I’m sorry! This is what’s in season, and I’m getting all my food directly from the North Country earth, so asparagus (a third way) is what’s for dinner. But before we dive into those emerald spears, I’m going to tell a little story.
I had the morning off yesterday, so I slept in and puttered around for a bit before joyfully biking over to Little Grasse for the afternoon. Upon arrival, the itinerary was outlined: raspberry bush weeding, harvesting asparagus, and planting a couple of small and spindly looking fruit trees. It sounded romantic to my young and foolish mind. Raspberries! Fruit trees!
Forget strong legs. Let’s talk arms of steel. After yanking out weeds with root systems the size of my legs for an hour, I was covered with sweat and red as a strawberry. That’s before the tree-planting, and let me tell you, it is a far more involved process than I anticipated. The owner of the nursery one town over has a saying that Flip and Bob subscribe to (sensibly so), which goes like this: For every $10 tree, you’d better dig a $100 hole.
I dug a damn rich hole. As the one with really good shoes on, I was official sod-turner, which means getting the first six inches of soil bound by the grasses’ root systems out of the way. Then I was elevated to hole-digger, which entails exactly what it sounds like it entails. It was hot. It was muggy. I was tired. But you know what? I was proud of that turned sod, and very proud of the hole that was all mine. 3 ft x 3 ft x 2ft deep, that abyss into the earth existed solely by my effort. There’s something immensely satisfying about that. I slept remarkably well.
Alright, back to our regularly scheduled program. These asparagus hadn’t been harvested in a couple of days, so they were larger than normal, and there was just a little more of it.

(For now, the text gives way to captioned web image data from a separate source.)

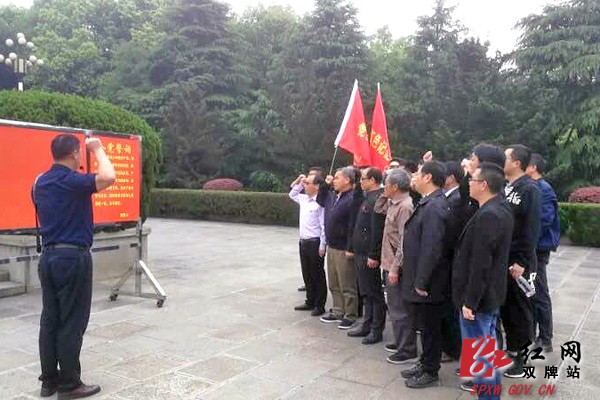 塘底乡开展“重温誓词 牢记使命”主题党日活动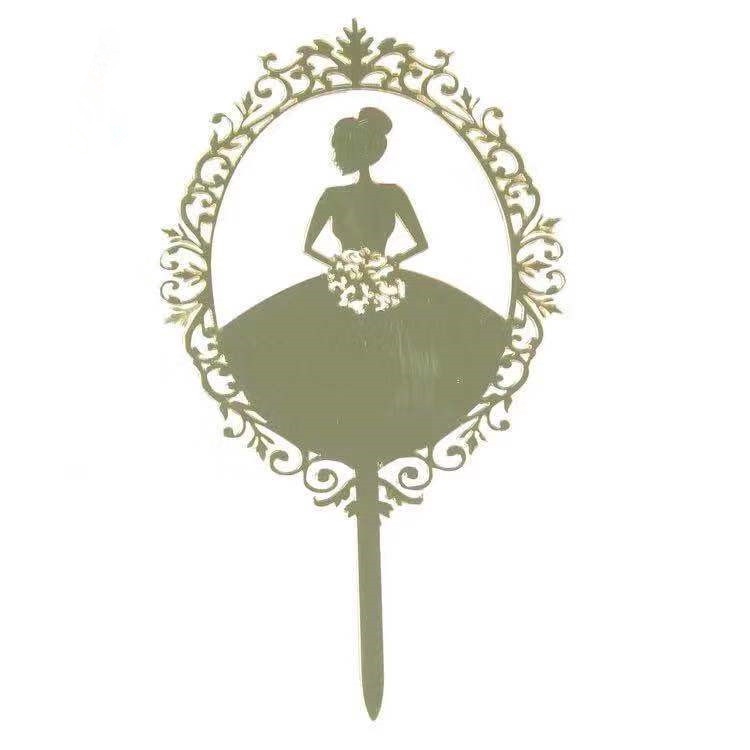 Ins Topper Kue Desain Princess Bahan Akrilik Untuk Dekorasi Pesta Ulang Tahun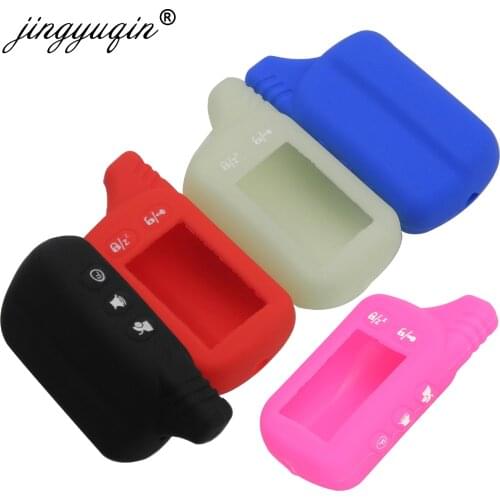 Jingyuqin Silicone Case For Tomahawk TZ9030 TZ9020 TZ9031 TZ7010 Scher-khan Two Way Car LCD Alarm Remote Keychain Cover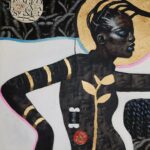 TOTEM MINI NO.11
38 x 38 cm.
Acrylic, Paper and Gold Leaf on Canvas
2025
1,300 USD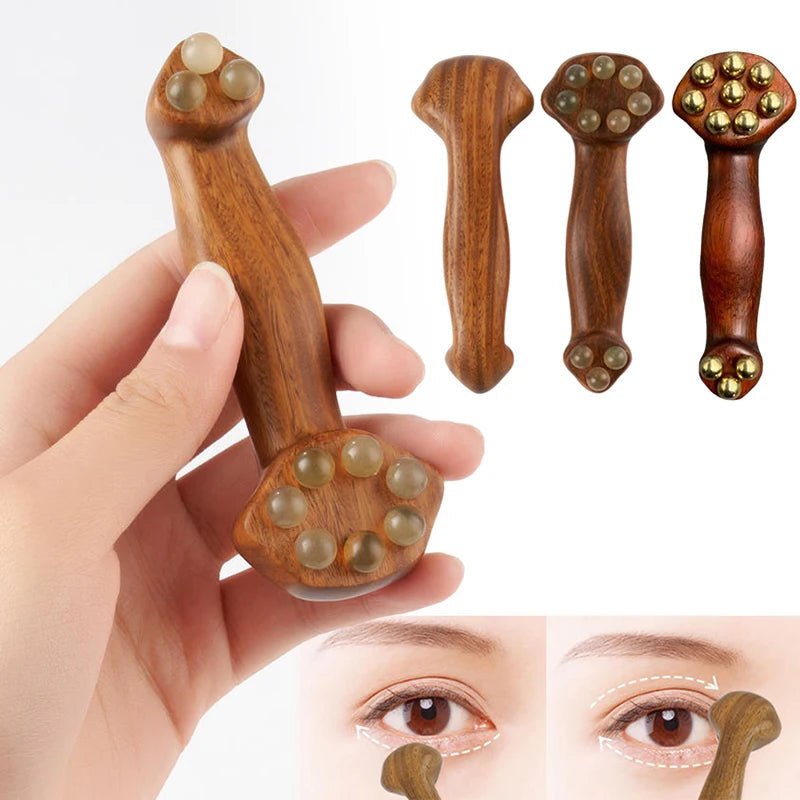 Massageador Facial Lifting NovaAura Sandalwood Gua Sha para Entusiastas de Beleza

We sorted them into piles by length (width isn’t important. How long the spear is tells you how old it is. If you are ever gifted a large bundle of asparagus that you can’t possibly eat all at one meal, cook the long, old pieces first and set the short ones aside for a later date), and I took a bag of the long stuff home, trying to puzzle out how I could prepare it in a way I hadn’t before. I don’t know how original my solution was, but I can assure you, it was delicious. This is best for a smaller group of people, so I’d suggest it if you’re feeding 1-3 people who love asparagus.
Pan-fried Asparagus Coins
1 bundle of asparagus (10-15 spears)
2 garlic cloves
1 tbsp butter
salt & pepper to taste
Cut your spears into chunky coins, about 1/4-1/2 inch in length (any longer and they might not cook through). Roughly chop your onion and mince the garlic cloves. Heat half your butter in a large skillet, and when bubbling and just beginning to smell nutty, add your onions and garlic. Allow to soften for about a minute, then add in your asparagus coins and the remainder of the butter, along with a pinch of salt and pepper. Cook for about five minutes, stirring occasionally. You want the coins to get sweet and soft and slightly browned by the butter, and for the onions to caramelize. When a coin can easily be pierced by a fork and the onions are a golden colour instead of white, remove to a large bowl and squeeze the lemon over the pieces.
You can serve as-is as a side dish, or mix in with rice to make a jazzed up pilaf. I ate mine mixed with white rice, leftover sausage, and a fried egg.